## [ABOUT THIS TASK]
Beginning with the line below that contains "CYGNUS CARGO CRAFT" and ending with the line that contains "By Charlotte 18k", copy every line exactly. Copy nothing else.

(Extracted records)
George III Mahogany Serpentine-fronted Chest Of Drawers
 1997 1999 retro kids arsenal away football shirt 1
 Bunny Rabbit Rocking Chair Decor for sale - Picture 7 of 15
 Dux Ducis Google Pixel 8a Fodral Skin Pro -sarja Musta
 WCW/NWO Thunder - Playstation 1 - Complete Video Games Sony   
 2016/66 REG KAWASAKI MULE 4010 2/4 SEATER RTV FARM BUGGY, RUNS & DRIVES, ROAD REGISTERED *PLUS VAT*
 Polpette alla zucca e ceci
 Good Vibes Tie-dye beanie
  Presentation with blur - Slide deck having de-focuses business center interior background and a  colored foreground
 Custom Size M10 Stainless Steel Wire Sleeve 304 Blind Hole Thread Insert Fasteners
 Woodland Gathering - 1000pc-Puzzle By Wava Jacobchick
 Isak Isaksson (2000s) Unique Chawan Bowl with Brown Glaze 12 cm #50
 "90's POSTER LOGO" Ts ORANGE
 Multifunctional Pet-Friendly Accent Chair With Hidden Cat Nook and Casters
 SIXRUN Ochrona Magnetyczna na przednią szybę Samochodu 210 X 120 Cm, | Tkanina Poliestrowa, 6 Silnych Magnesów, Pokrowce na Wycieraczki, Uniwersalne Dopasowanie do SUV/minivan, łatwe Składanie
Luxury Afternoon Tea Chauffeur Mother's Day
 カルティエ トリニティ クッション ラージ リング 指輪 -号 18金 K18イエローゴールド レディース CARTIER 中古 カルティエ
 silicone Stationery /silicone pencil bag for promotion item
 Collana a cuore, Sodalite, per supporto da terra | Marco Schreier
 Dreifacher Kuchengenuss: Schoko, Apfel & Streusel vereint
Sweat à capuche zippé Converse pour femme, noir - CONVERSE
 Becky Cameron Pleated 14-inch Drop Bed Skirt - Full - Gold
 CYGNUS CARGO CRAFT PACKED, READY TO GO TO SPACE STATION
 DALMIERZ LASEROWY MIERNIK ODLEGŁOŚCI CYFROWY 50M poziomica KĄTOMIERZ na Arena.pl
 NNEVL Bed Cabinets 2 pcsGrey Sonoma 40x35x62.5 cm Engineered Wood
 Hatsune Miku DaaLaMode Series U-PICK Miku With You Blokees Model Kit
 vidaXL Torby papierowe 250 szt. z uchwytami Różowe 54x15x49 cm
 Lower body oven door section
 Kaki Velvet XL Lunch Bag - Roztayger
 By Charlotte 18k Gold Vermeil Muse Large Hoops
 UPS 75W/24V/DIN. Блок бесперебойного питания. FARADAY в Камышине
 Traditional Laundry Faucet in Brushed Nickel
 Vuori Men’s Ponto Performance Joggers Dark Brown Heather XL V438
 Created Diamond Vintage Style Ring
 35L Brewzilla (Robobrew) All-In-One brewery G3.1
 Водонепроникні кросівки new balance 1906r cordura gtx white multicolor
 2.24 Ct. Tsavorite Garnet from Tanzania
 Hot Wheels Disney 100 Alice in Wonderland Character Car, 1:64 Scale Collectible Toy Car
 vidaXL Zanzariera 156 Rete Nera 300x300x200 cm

## [TASK SOLUTION]
 CYGNUS CARGO CRAFT PACKED, READY TO GO TO SPACE STATION
 DALMIERZ LASEROWY MIERNIK ODLEGŁOŚCI CYFROWY 50M poziomica KĄTOMIERZ na Arena.pl
 NNEVL Bed Cabinets 2 pcsGrey Sonoma 40x35x62.5 cm Engineered Wood
 Hatsune Miku DaaLaMode Series U-PICK Miku With You Blokees Model Kit
 vidaXL Torby papierowe 250 szt. z uchwytami Różowe 54x15x49 cm
 Lower body oven door section
 Kaki Velvet XL Lunch Bag - Roztayger
 By Charlotte 18k Gold Vermeil Muse Large Hoops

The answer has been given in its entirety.